State Road 330 ran from US 30 in Schererville to SR 230 near Merrillville. SR 330 was an old alignment of US 30 and also of the Lincoln Highway.

== State Road 334 ==

State Road 334 in the U.S. state of Indiana was a six-mile (10 km) route in southeastern Boone County. Its western terminus was Interstate 65 and its eastern terminus was at US 421

State Road 334 was decommissioned by the Indiana Department of Transportation in the summer of 2011 and turned over to local units of government. The portion within the Town of Whitestown was turned over to it and the portion within the Town of Zionsville was turned over to it. The bridges along the route were turned over to Boone County.

== State Road 343 ==

State Road 343 ran from SR 43 in Cloverdale west to SR 243. It ran for 4.1 miles. The road is now known as Robert Weist Avenue in Cloverdale.

== State Road 345 ==

State Road 345 connected the small communities of Lincoln City and Dale in Spencer County.

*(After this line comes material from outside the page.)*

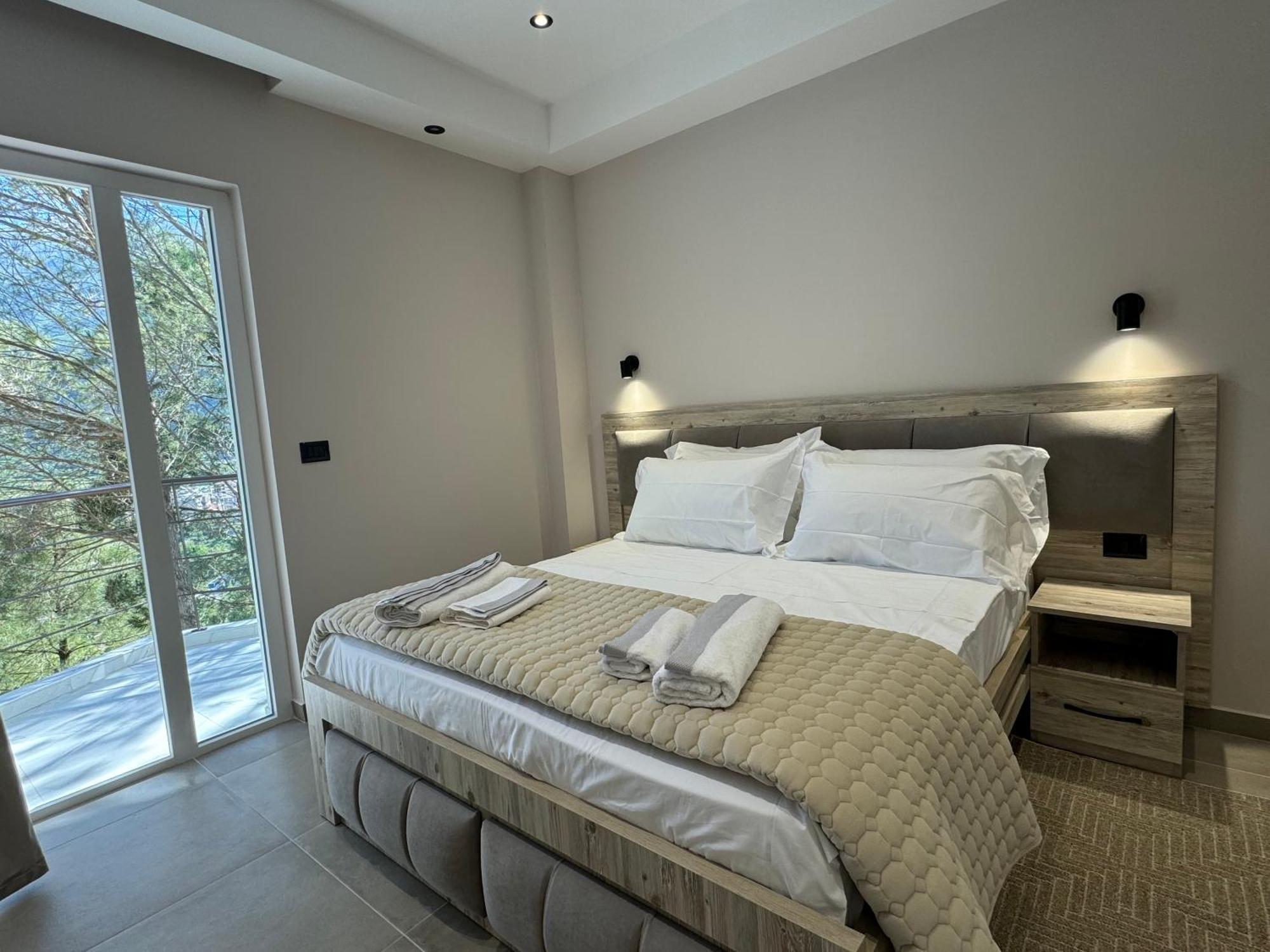 Hotel Kseal Permet Luaran gambar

The southern terminus was at State Road 162 at the entrances to both the Lincoln Boyhood National Memorial and Lincoln State Park. Its northern terminus was at U.S. 231 and State Road 62 south of Dale. This intersection was relocated a short distance south when the new-terrain U.S. 231 was built.

Today, former State Road 345 is Spencer County Road 300 East. It is, at least at its southern terminus, signed as part of the Lincoln Heritage Trail which was designated in the 1960s in Illinois, Indiana and Kentucky.

== State Road 346 ==

State Road 346 ran from SR 45/SR 46 near Bloomington to SR 146 in Bloomington. SR 346 followed a part of 17th Street and Dunn Street in Bloomington, connecting State Road 46.

== State Road 367 ==

State Road 367 was a short highway located in Marion County during the 1930s and 1960s, routed primarily along Pendleton Pike and Massachusetts Avenue. Its northern terminus was the junction with U.S. 36 and S.R. 67 at 38th Street and Pendleton Pike, and its southern terminus was the junction with U.S. 31 in downtown Indianapolis at Meridian Street. The route was sometimes marked as "Truck 367" on maps.